Машины зашумевшего времени - Илья Кукулин
Шрифт:
Интервал:
Закладка:
Сам образ «красного колеса», каким он появляется в «Августе Четырнадцатого», восходит к метафорике «колеса истории», очень характерной для советской культуры 1920-х годов[697], — например, в стихотворении Сергея Обрадовича «III Интернационал»: «…На полдороге не встанет, не встанет / Революций огненное колесо!..» Однако, вероятно, наиболее востребованным этот образ был в раннесоветском кинематографе. «Колесо во весь экран» появляется в фильме Эйзенштейна «Стачка» — еще не как метафора движения времени, а как «аттракционное» орудие восставших рабочих: огромное металлическое колесо висит на стреле подъемного крана, этим грузом заговорщики ударяют по голове пожилого директорского стукача.
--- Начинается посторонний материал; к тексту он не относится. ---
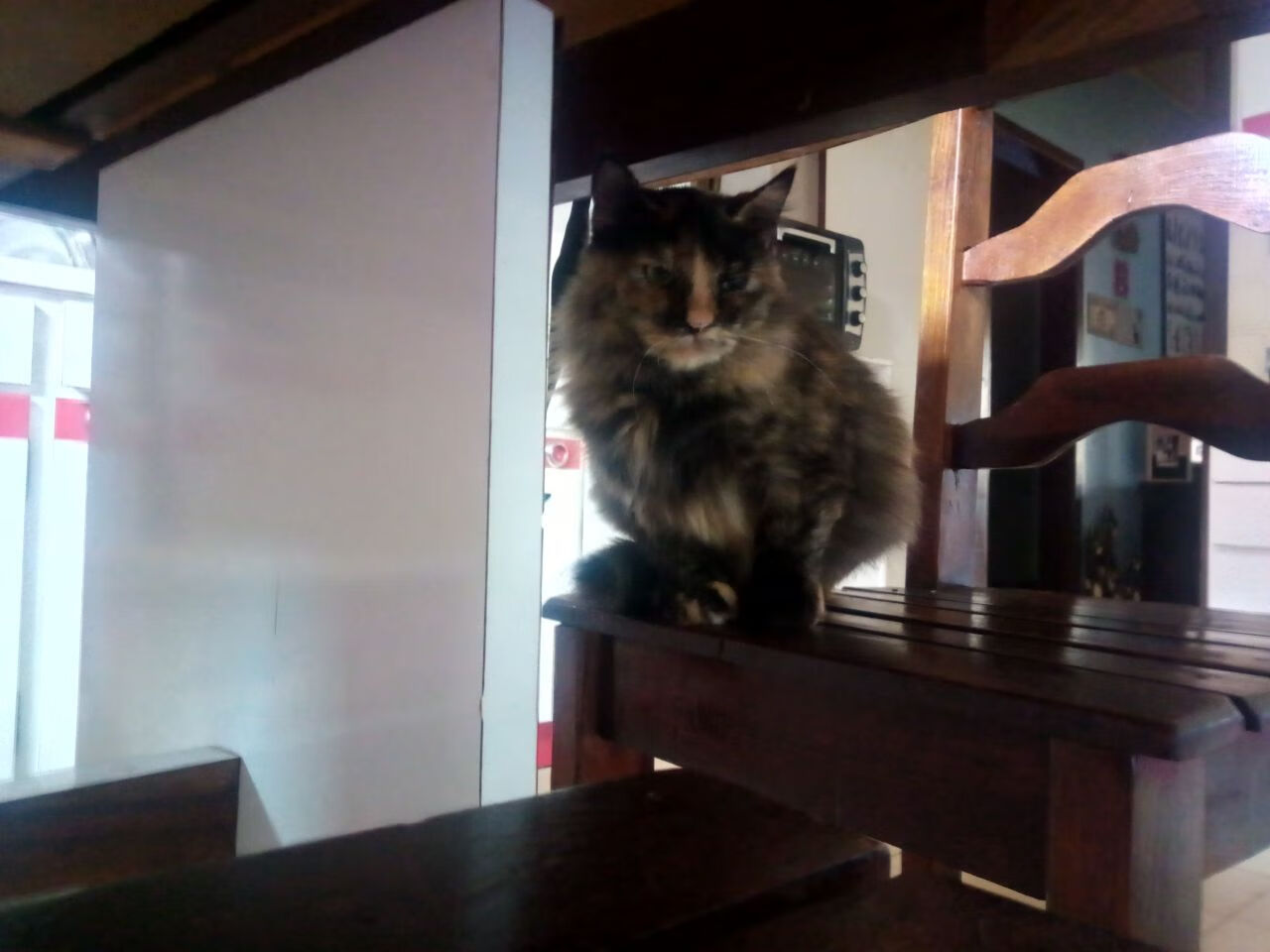 法甲联赛观众行为变化与营销策略调整，法甲参赛球队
Образ «колеса истории» появляется у Эйзенштейна в фильме 1927 года «Октябрь» (там это колеса танка); у Всеволода Пудовкина — в фильме «Конец Санкт-Петербурга» (1927); у Фридриха Эрмлера — в «Обломке империи» (1929), где унтер-офицер, потерявший память во время Гражданской войны и вспомнивший свою жизнь в 1928-м, видит огромное, угрожающее колесо паровоза; у Александра Довженко в «Арсенале» и т. п. (Впрочем, поскольку сначала центральный образ возникает в эпопее Солженицына как колесо телеги-линейки, здесь возможна аллюзия еще и на начало и финал первого тома «Мертвых душ» Гоголя (колесо брички Чичикова и «птица-тройка»).) По-видимому, главным источником этих образов стала метафора Маркса «революции — локомотивы истории», в 1920-е годы постоянно использовавшаяся в советской политической риторике[698]. Однако смысловыми центрами переосмысления эстетики раннесоветского кино в «Красном колесе» являются именно «эйзенштейноподобные» сцены.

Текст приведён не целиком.